**GOAL OF THE EXERCISE:** Exact copy without images: repeat every entry as written.

**ENTRIES SUPPLIED:**
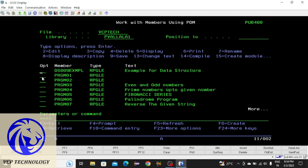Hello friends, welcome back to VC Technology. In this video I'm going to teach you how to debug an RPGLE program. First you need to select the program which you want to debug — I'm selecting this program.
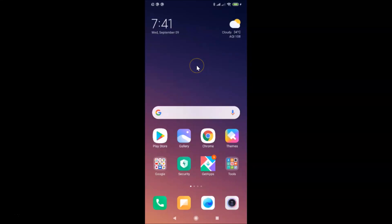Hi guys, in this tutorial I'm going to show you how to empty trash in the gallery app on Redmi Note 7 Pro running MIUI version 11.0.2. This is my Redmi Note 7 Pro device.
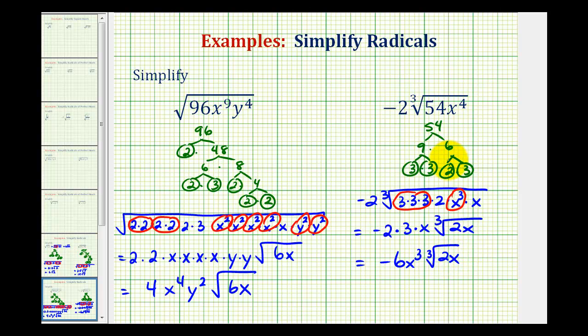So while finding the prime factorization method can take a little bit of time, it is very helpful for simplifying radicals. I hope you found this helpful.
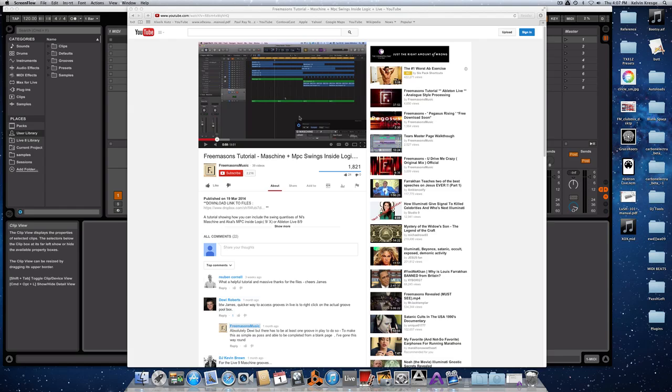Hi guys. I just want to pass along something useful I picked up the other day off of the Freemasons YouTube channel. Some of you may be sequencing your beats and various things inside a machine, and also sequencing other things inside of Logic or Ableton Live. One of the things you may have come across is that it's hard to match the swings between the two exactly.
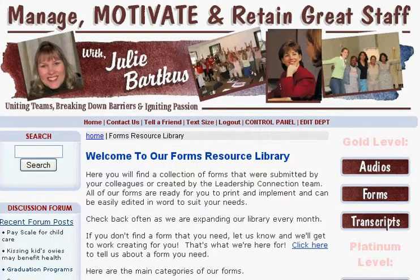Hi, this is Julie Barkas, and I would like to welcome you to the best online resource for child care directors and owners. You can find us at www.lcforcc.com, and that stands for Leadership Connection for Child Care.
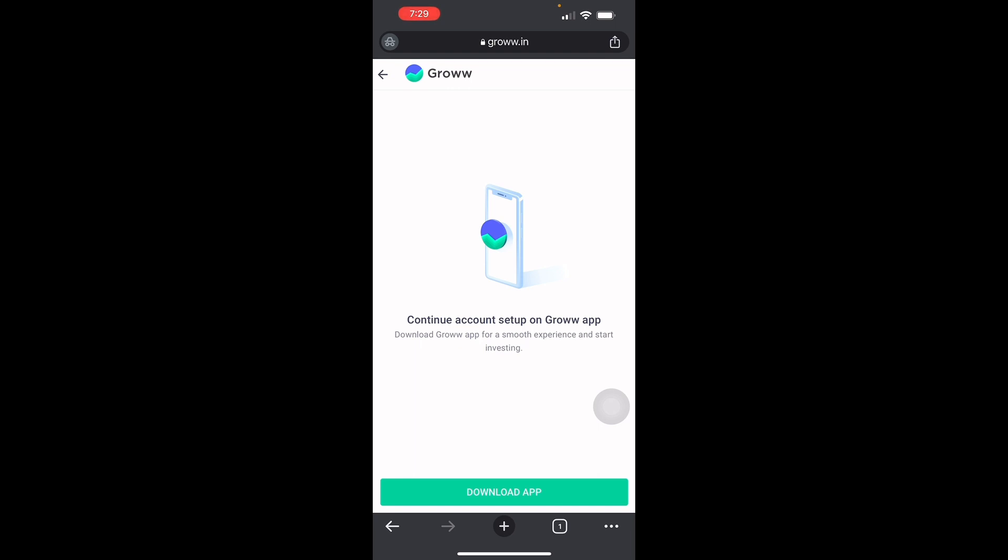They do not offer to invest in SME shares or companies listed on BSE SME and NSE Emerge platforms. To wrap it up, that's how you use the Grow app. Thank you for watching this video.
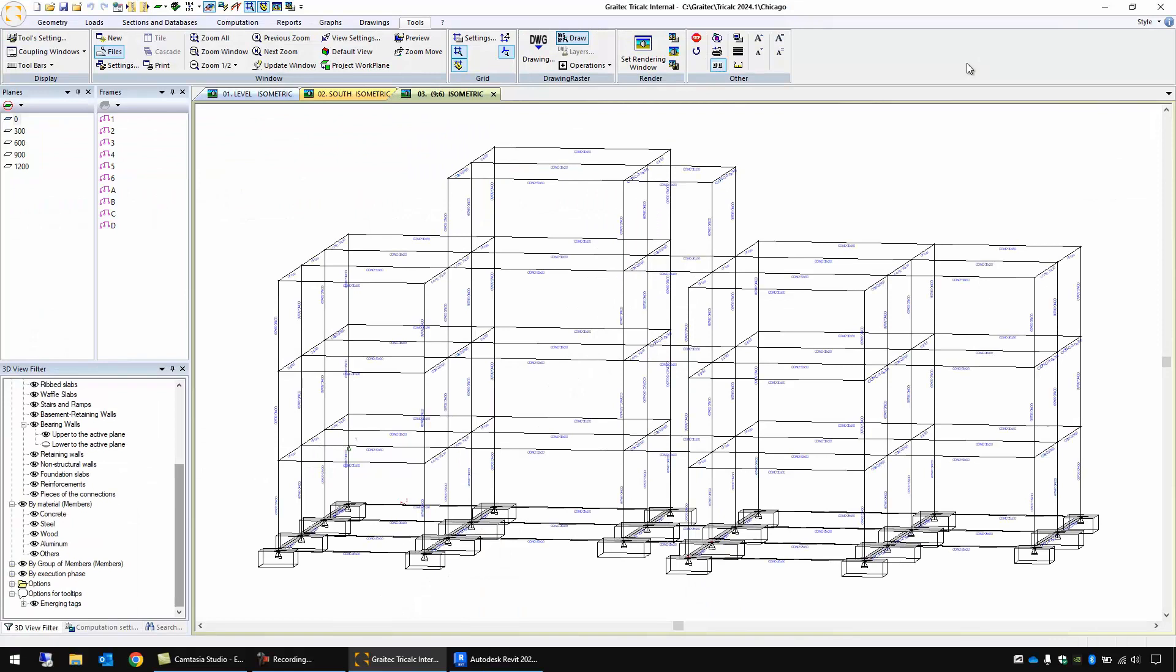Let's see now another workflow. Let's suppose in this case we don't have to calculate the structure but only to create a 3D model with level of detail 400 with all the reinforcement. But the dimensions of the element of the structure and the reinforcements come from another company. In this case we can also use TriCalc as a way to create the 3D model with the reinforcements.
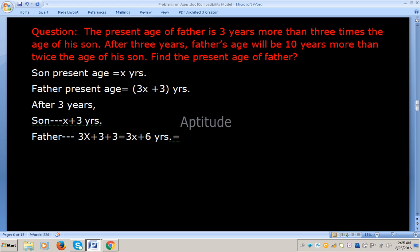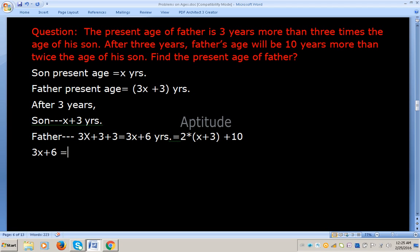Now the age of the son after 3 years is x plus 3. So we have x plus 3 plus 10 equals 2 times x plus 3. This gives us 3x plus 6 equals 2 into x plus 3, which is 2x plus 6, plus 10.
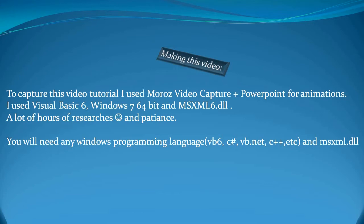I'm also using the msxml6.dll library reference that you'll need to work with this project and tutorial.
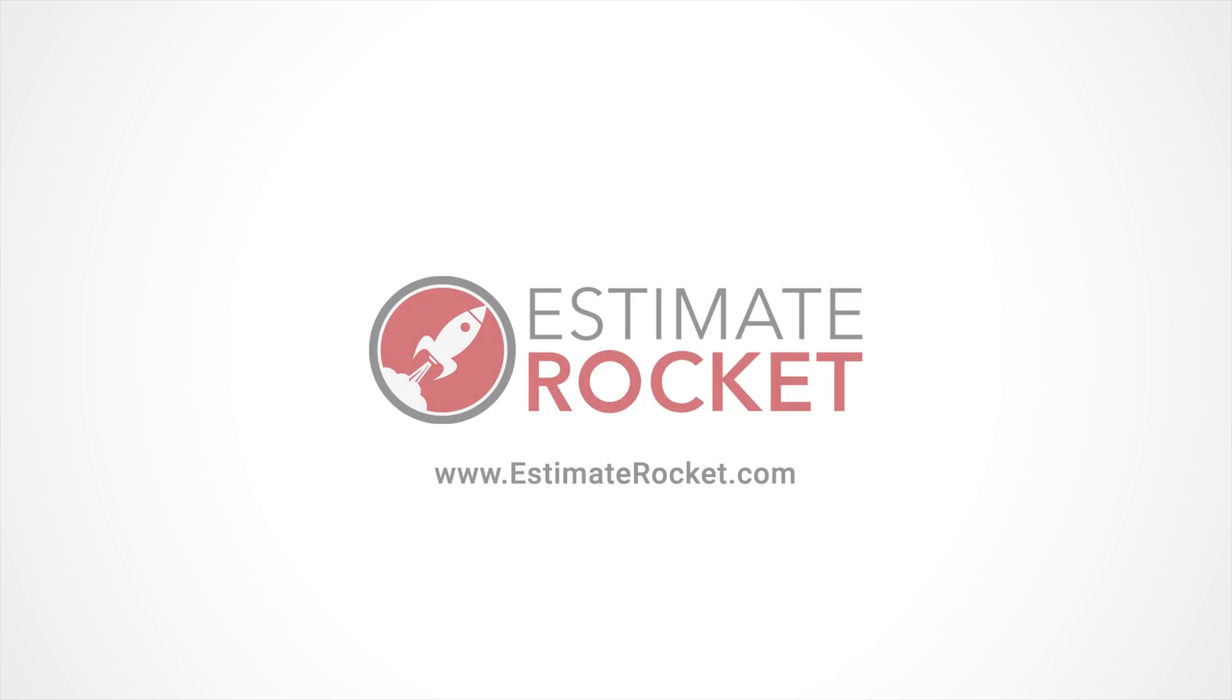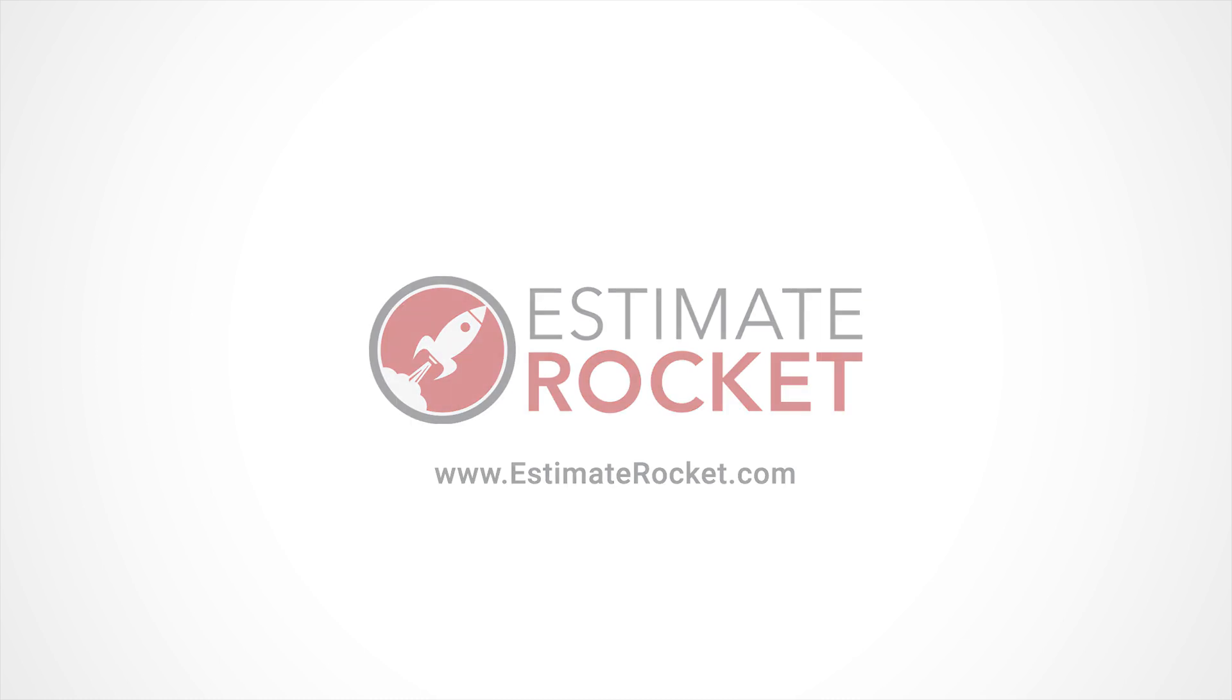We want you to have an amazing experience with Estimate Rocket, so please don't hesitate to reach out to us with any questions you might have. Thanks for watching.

**SOLUTION FOR THIS PROBLEM:**
Hello friends, welcome back to VC Technology. In this video I'm going to teach you how to debug an RPGLE program. First you need to select the program which you want to debug — I'm selecting this program.
Hi guys, in this tutorial I'm going to show you how to empty trash in the gallery app on Redmi Note 7 Pro running MIUI version 11.0.2. This is my Redmi Note 7 Pro device.
So while finding the prime factorization method can take a little bit of time, it is very helpful for simplifying radicals. I hope you found this helpful.
Hi guys. I just want to pass along something useful I picked up the other day off of the Freemasons YouTube channel. Some of you may be sequencing your beats and various things inside a machine, and also sequencing other things inside of Logic or Ableton Live. One of the things you may have come across is that it's hard to match the swings between the two exactly.
Hi, this is Julie Barkas, and I would like to welcome you to the best online resource for child care directors and owners. You can find us at www.lcforcc.com, and that stands for Leadership Connection for Child Care.
They do not offer to invest in SME shares or companies listed on BSE SME and NSE Emerge platforms. To wrap it up, that's how you use the Grow app. Thank you for watching this video.
Let's see now another workflow. Let's suppose in this case we don't have to calculate the structure but only to create a 3D model with level of detail 400 with all the reinforcement. But the dimensions of the element of the structure and the reinforcements come from another company. In this case we can also use TriCalc as a way to create the 3D model with the reinforcements.
Now the age of the son after 3 years is x plus 3. So we have x plus 3 plus 10 equals 2 times x plus 3. This gives us 3x plus 6 equals 2 into x plus 3, which is 2x plus 6, plus 10.
I'm also using the msxml6.dll library reference that you'll need to work with this project and tutorial.
We want you to have an amazing experience with Estimate Rocket, so please don't hesitate to reach out to us with any questions you might have. Thanks for watching.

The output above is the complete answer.